Through his own experiences as a neurodivergent person and conversations across the community, a pattern became impossible to ignore. Stigma showed up everywhere, in employment, in relationships, and in everyday interactions. Often quietly. Often without explanation.
What was missing was a unifying symbol that reflected pride rather than deficit.
For Josh, the need for that symbol was personal. Repeated experiences of being dismissed or judged after disclosing his neurodivergence made the impact of stigma impossible to ignore.
Those moments were not unique to him. They echoed what many neurodivergent people experience every day. The flag emerged from a belief that the community deserved better representation, something visible, affirmative, and unapologetic.
The Creation
The Neurodiversity Strength Flag was designed by Josh Mirsky in 2021, but the work began before the design itself existed. Long before the flag was created, Josh was already meeting with elected officials and advocating for the idea that neurodiversity needed a visible, unifying symbol.
The flag emerged from that advocacy, not the other way around.

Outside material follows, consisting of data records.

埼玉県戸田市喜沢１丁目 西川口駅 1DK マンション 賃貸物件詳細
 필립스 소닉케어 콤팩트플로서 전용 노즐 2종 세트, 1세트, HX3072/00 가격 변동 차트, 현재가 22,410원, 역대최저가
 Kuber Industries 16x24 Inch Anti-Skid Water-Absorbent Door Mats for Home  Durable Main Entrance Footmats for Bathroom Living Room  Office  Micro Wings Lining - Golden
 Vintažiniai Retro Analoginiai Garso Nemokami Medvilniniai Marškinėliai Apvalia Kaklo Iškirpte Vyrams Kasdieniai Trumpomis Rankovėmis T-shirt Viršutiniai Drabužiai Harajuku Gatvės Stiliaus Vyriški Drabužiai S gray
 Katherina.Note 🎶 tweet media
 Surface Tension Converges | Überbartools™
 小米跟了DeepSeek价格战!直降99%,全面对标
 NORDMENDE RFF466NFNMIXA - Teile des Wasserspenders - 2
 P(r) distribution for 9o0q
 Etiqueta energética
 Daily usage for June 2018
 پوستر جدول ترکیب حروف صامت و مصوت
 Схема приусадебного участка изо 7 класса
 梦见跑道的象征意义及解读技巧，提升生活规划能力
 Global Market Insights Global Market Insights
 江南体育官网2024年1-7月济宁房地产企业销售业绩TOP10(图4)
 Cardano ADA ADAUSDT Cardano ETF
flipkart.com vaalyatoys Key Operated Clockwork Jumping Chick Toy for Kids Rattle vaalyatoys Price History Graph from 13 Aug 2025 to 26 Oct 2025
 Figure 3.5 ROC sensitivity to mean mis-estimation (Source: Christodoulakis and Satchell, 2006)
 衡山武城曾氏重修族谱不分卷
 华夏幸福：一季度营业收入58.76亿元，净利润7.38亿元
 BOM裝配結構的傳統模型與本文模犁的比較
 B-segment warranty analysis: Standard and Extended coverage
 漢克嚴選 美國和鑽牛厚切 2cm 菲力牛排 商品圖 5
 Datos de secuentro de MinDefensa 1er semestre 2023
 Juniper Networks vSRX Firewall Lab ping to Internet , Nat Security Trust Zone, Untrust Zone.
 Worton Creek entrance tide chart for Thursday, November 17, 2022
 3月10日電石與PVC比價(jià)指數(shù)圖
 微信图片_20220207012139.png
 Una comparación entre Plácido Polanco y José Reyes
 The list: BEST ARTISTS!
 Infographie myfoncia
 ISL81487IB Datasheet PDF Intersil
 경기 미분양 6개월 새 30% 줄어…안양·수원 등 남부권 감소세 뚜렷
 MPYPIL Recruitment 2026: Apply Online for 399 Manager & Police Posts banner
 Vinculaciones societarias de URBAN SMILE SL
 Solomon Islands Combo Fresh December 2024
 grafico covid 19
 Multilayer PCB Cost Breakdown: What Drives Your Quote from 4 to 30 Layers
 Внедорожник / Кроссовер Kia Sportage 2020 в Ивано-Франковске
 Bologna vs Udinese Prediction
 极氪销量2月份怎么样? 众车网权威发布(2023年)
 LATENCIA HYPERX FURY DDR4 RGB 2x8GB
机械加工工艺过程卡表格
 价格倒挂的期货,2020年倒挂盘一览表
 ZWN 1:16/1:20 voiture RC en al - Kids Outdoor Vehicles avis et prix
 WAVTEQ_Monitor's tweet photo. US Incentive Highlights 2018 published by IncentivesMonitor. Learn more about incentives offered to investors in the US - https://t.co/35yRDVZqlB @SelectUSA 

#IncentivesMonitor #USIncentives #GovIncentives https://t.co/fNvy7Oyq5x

Josh created the original version of the flag by hand, with each element chosen intentionally to reflect values expressed by the neurodivergent community.
Red represents strength. Gold represents value, dignity, and first place. The diamond shape represents worth. The infinity symbol reflects infinite possibilities when stigma is removed and intentionally replaces the puzzle piece long criticized by the community.
From Concept to Public Symbol
After the design was created, Josh personally led the effort to bring the flag into the public sphere. This work did not occur through automatic channels or institutional momentum
Josh independently initiated meetings with elected officials, advocated for the flag’s recognition, and pushed for it to be treated as more than a symbolic submission. He coordinated outreach, followed up repeatedly, and carried the responsibility of advancing the flag beyond its initial inception.
Public displays, media coverage, and broader awareness did not happen on their own. They happened because Josh continued to show up, make the case, and insist that the flag be seen, acknowledged, and taken seriously. Flags, pins, public displays, and media coverage occurred because the work continued beyond design and approval.
Through Josh’s direct outreach and persistence, the Neurodiversity Strength Flag was publicly displayed during Autism and Neurodiversity Acceptance Month and recognized across New York State.
These moments marked a turning point, not because a design existed, but because sustained effort ensured it would not be ignored.
This public recognition marked a turning point. What began as a hand drawn design became an officially recognized symbol, helping give the neurodivergent community greater visibility and a shared point of pride.
The Neurodiversity Strength Flag exists as a public symbol today because its designer did not stop advocating when the work became difficult.
Purpose Going Forward
The Neurodiversity Strength Flag is not meant to speak for every experience. It exists to offer a shared symbol that people can stand behind.
As the flag spreads, so does the message. Neurodivergent people are not problems to be solved. They are people to be recognized, respected, and valued.